Le roi Tu Duc (1848-1883), physiologiquement et psychologiquement, lui était diamétralement opposé. Son règne est marqué par la conquête française du Vietnam. Affaibli par une révolte au Nord, il cède à la France la Cochinchine Orientale (1862), tente en vain de négocier sa restitution, puis perd la Cochinchine Occidentale en 1867. Après la mort de Françis Garnier conquérant Hanoi (1873), il obtient l’évacuation du Nord Vietnam (Tonkin) par les Français, mais il se rapproche de la Chine dans l’espoir de contrer les Français.

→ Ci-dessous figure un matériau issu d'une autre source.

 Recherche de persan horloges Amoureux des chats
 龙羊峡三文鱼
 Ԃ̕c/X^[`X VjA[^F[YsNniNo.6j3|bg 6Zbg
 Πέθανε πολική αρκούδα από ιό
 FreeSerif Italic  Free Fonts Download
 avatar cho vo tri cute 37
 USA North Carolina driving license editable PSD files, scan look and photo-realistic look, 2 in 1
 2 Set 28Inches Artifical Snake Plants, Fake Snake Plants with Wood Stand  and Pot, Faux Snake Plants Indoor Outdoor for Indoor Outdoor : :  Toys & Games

Finalement, les Français occupent le reste de son pays. Consciencieux et très pieux à l’égard de sa mère, confucéen orthodoxe, Tu Duc est de caractère faible, efféminé, irrésolu en proie au complexe d’infériorité. Conservateur, il s’oppose à toute réforme. Sa mentalité s’explique en partie par sa faiblesse physique. Il est malade dès son enfance, il est infecté par la variole et 13 autres maladies en particulier l’infertilité par suite d’azoospermie qui est la principale cause de la faiblesse de son caractère.

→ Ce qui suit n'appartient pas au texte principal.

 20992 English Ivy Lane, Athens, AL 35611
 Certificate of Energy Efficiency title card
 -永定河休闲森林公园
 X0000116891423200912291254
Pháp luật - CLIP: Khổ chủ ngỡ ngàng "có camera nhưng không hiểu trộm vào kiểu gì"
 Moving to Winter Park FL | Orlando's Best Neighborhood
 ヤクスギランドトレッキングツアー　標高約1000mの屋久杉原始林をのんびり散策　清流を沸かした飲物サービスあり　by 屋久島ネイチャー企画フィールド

Le Dr Duc émet une hypothèse : si à cette époque (de la Patrie en danger), il y avait eu un Tu Duc physiquement fort, énergique, la situation du pays aurait été meilleure ? La Cour aurait échappé à une impasse… et ne se serait pas résignée à accepter la perte de l’indépendance nationale.

Je pense plutôt que la ligne politique de Tu Duc subissait l’influence déterminante non de sa santé mais plutôt de sa conviction idéologique confucéenne. Un Tu Duc fort et résolu n’aurait pas pu sauver son pays, s’il n’avait pas pratiqué une politique de modernisation et d’ouverture à l’Occident comme l’empereur du Japon en 1867.

Le médecin royal Trâu Canh (XIIIe siècle) mérite d’être le premier sexologue vietnamien.

La mort du poète national Nguyên Du (1820), est un cas intéressant :

Gravement malade, il refusait tout médicament. À la dernière minute, il a demandé : «Touchez mes pieds, sont-ils déjà glacés ?»  On a touché ses pieds et lui a répondu : «C’est glacé !». Il a dit dans un soupir : «Bien !» et s’est éteint. Après une laborieuse recherche historique et médicale, le Dr Duc a conclu que Nguyên Du était mort de choléra en 1820. Ce que confirme L’histoire de la médecine des docteurs Chastel et Cénac : la première pandémie de choléra (1817-1823) apparaît en Birmanie, au Siam, en Chine avant d’atteindre l’Afrique, la Perse… Le Vietnam ne peut échapper à la contamination.